* _What the task requires_
Starting at the line with "Woman before after weight loss" and ending at the line with "Учёные обнаружили в", print exactly the lines of the entries below. Pictures do not belong in the copy.

* _Data excerpts_
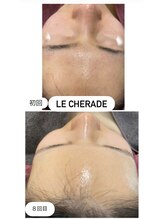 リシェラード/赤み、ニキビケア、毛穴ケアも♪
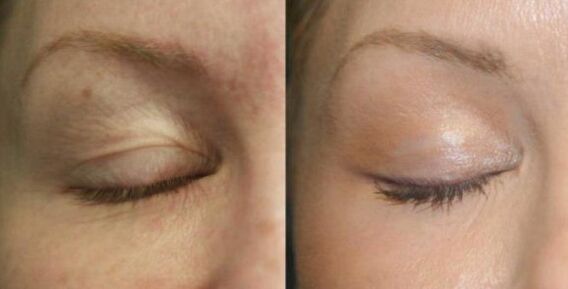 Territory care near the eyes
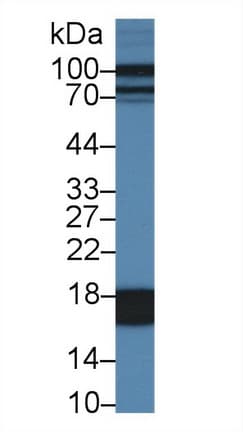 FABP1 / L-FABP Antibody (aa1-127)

* * *

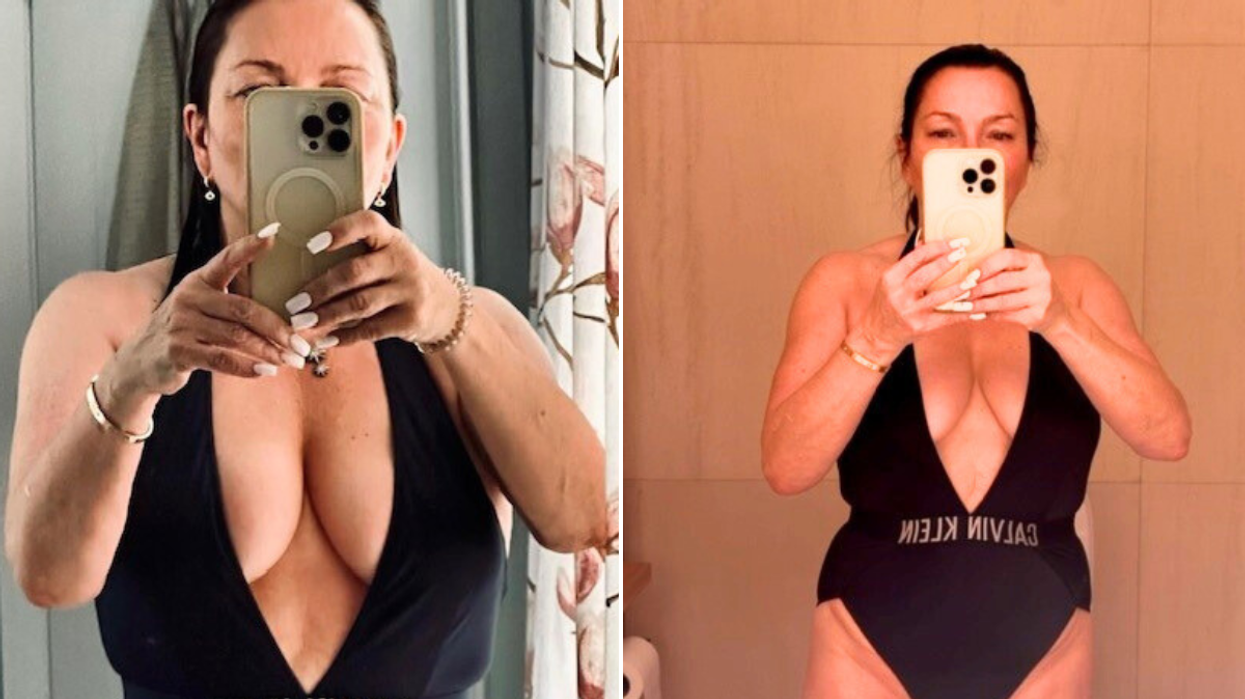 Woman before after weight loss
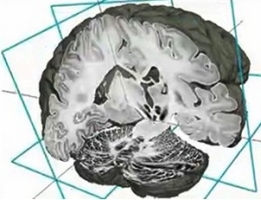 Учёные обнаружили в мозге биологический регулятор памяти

* _Task output_
 Woman before after weight loss
 Учёные обнаружили в мозге биологический регулятор памяти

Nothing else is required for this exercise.